START GIVEN DATA
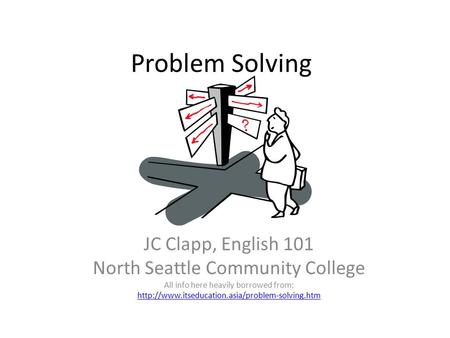 Problem Solving JC Clapp, English 101 North Seattle Community College All info here heavily borrowed from:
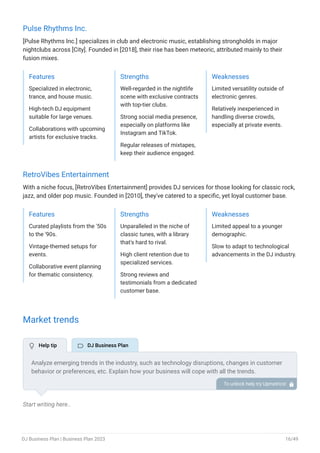 Pulse Rhythms Inc.
[Pulse Rhythms Inc.] specializes in club and electronic music, establishing strongholds in major
nightclubs across [City]. Founded in [2018], their rise has been meteoric, attributed mainly to their
fusion mixes.
Features
Specialized in electronic,
trance, and house music.
High-tech DJ equipment
suitable for large venues.
Collaborations with upcoming
artists for exclusive tracks.
Strengths
Well-regarded in the nightlife
scene with exclusive contracts
with top-tier clubs.
Strong social media presence,
especially on platforms like
Instagram and TikTok.
Regular releases of mixtapes,
keep their audience engaged.
Weaknesses
Limited versatility outside of
electronic genres.
Relatively inexperienced in
handling diverse crowds,
especially at private events.
RetroVibes Entertainment
With a niche focus, [RetroVibes Entertainment] provides DJ services for those looking for classic rock,
jazz, and older pop music. Founded in [2010], they've catered to a specific, yet loyal customer base.
Features
Curated playlists from the '50s
to the '90s.
Vintage-themed setups for
events.
Collaborative event planning
for thematic consistency.
Strengths
Unparalleled in the niche of
classic tunes, with a library
that's hard to rival.
High client retention due to
specialized services.
Strong reviews and
testimonials from a dedicated
customer base.
Weaknesses
Limited appeal to a younger
demographic.
Slow to adapt to technological
advancements in the DJ industry.
Market trends
Start writing here..
Analyze emerging trends in the industry, such as technology disruptions, changes in customer
behavior or preferences, etc. Explain how your business will cope with all the trends.
For instance, living streaming & virtual events has a booming market; explain how you plan on
dealing with this potential growth opportunity.
To unlock help try Upmetrics! 
 Help tip  DJ Business Plan
DJ Business Plan | Business Plan 2023 16/49
 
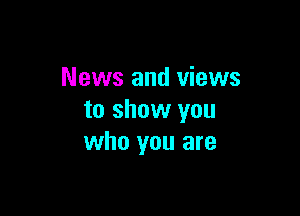News and views

to show you
who you are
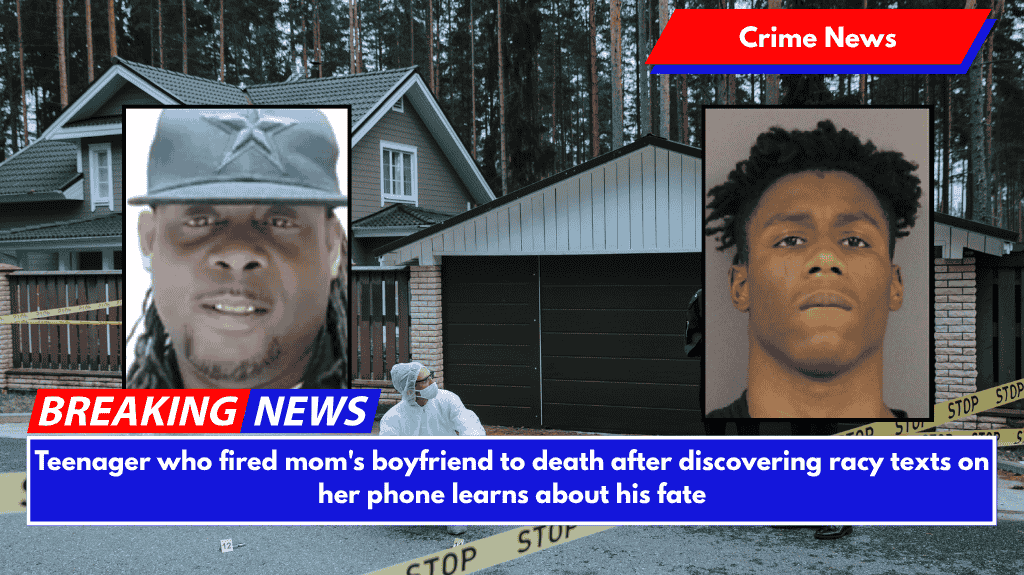 Teenager who fired mom's boyfriend to death after discovering racy texts on her phone learns about his fate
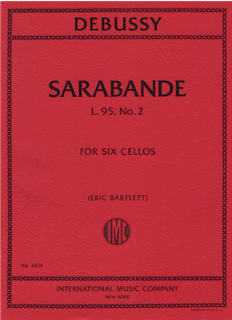 International Music Company Debussy (Bartlett): Sarabande, L. 95, No. 2 (six cellos) IMC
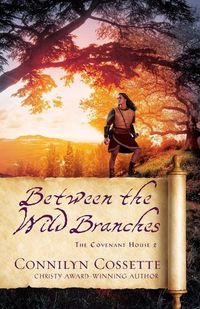 Cover image for Between the Wild Branches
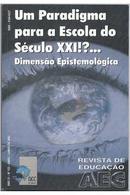Um Paradigma para a Escola do Seculo Xxi / Dimensao Epistemologica / -Editora Aec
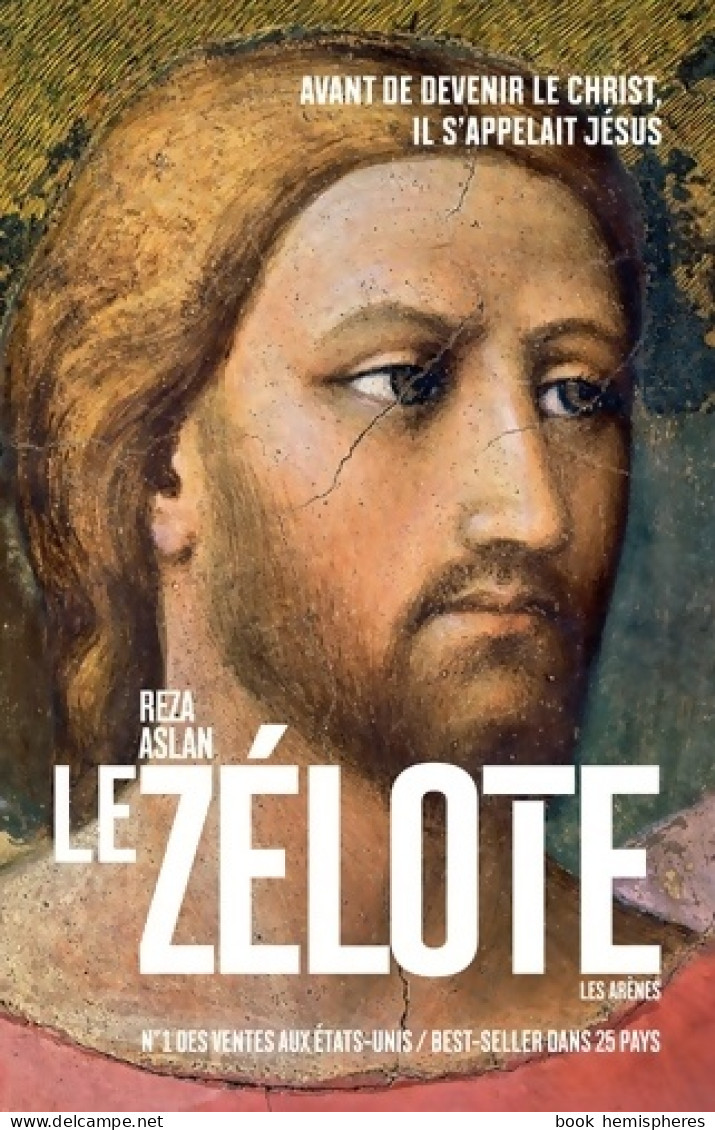 Le Zélote (2014) De Aslan Reza - Religión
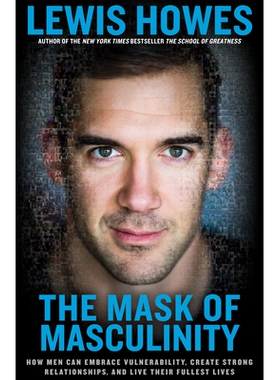 预订 The Mask of Masculinity: How Men Can Embrace Vulnerability, Create Strong Relationships, and Live Their Fullest Liv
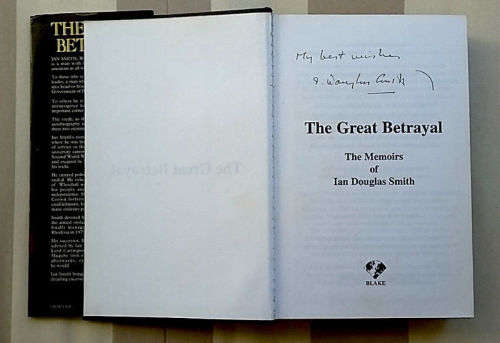 *Signed* The Great Betrayal by Ian Smith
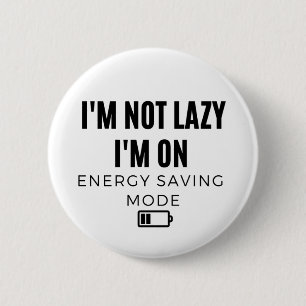 I'm Not Lazy I'm on Energy Saving Mode - Sarcastic 6 Cm Round Badge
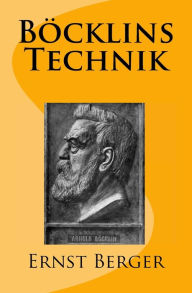 Böcklins Technik: Originalausgabe von 1906 Ernst Berger Author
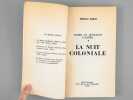 La Nuit coloniale. Guerre et Révolution d'Algérie.. ABBAS, Fehrat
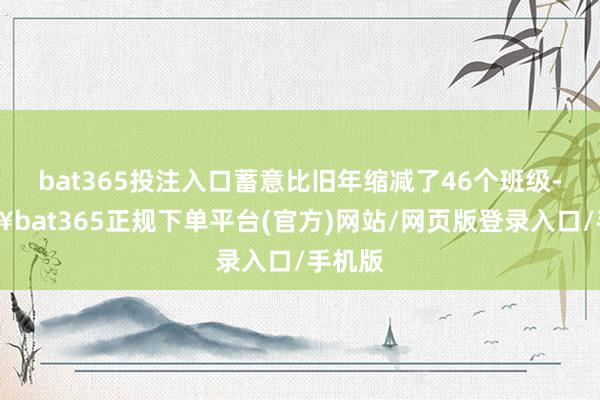bat365投注入口蓄意比舊年縮減了46個班級-??bat365正規下單平臺(官方)網站/網頁版登錄入口/手機版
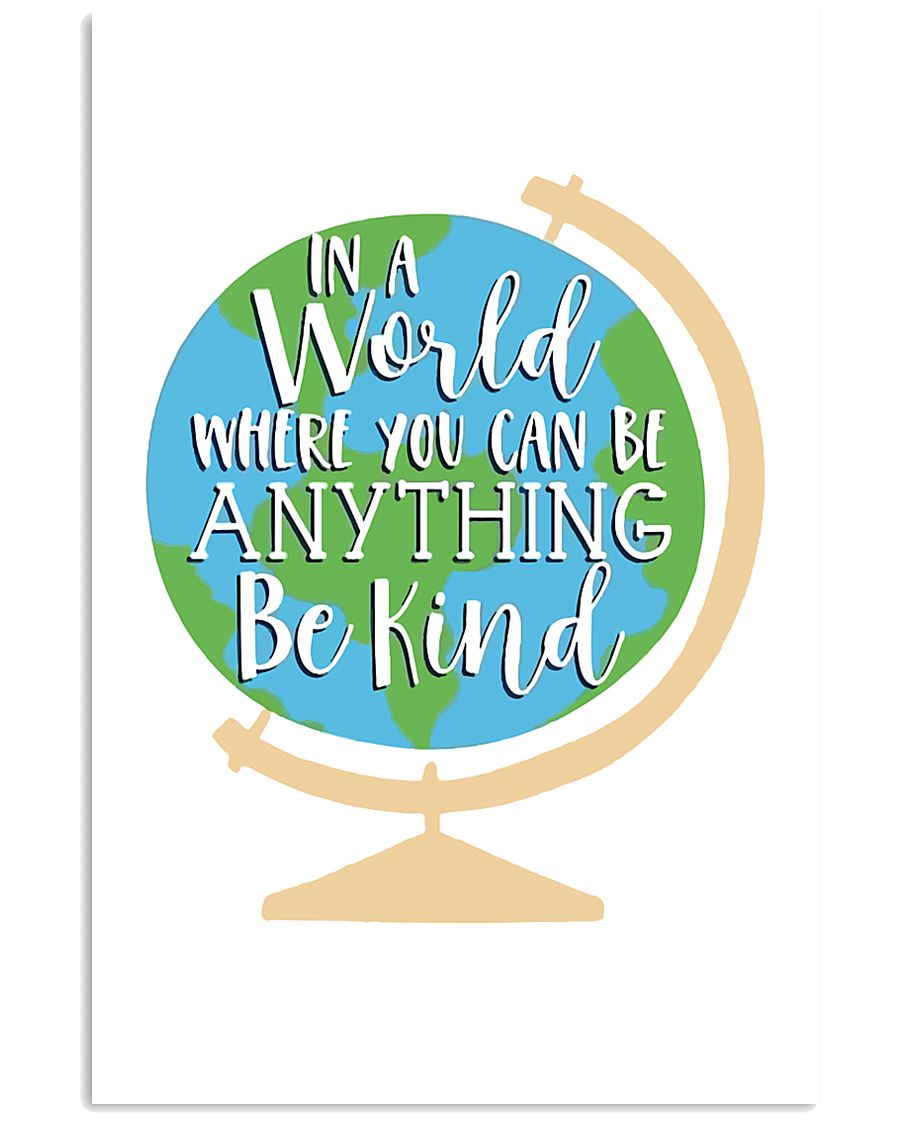 In a world where you can be anything be kind 24x36 Poster
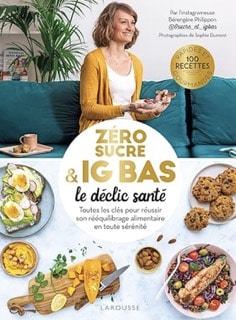 Indice glycemique bas :  Zéro sucre & IG bas, le déclic santé Bérengère Philippon 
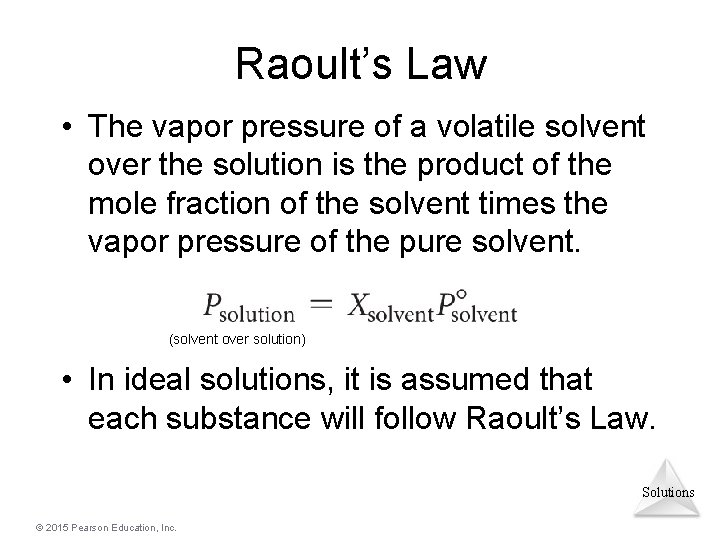 Raoult’s Law • The vapor pressure of a volatile solvent over the solution is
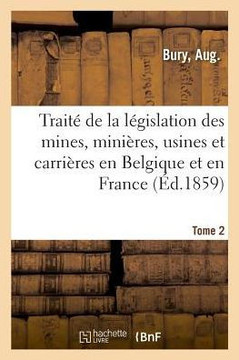 Trait? de la L?gislation Des Mines, Mini?res, Usines Et Carri?res En Belgique Et En France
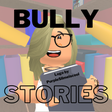 Icon of program: Bully Stories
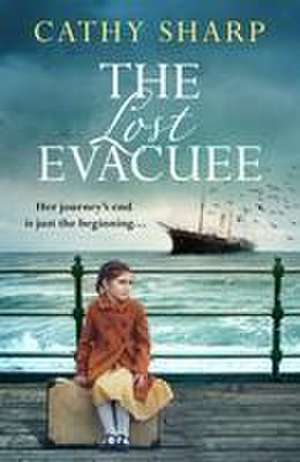 The Lost Evacuee de Cathy Sharp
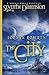 The City by Lorilyn Roberts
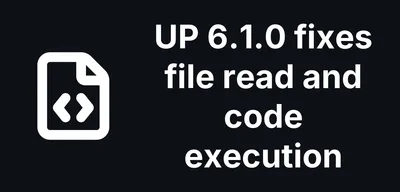 UP 6.1.0 fixes file read and code execution in the UP plugin for Joomla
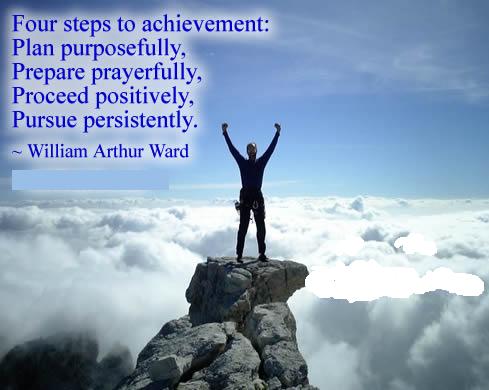 Four steps to achievement, Plan purposefully. Prepare prayerfully. Proceed positively. Pursue persistently -  William Arthur Ward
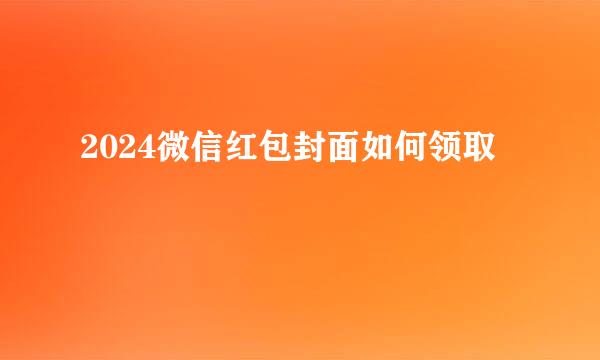 2024微信红包封面如何领取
END GIVEN DATA
- ASSIGNMENT
Repeat exactly the lines of the listing above, from the one with "Limited appeal to a younger" down to the one with "Analyze emerging trends"; both of those lines belong in the range.

- SOLUTION TO THIS PROBLEM
Limited appeal to a younger
demographic.
Slow to adapt to technological
advancements in the DJ industry.
Market trends
Start writing here..
Analyze emerging trends in the industry, such as technology disruptions, changes in customer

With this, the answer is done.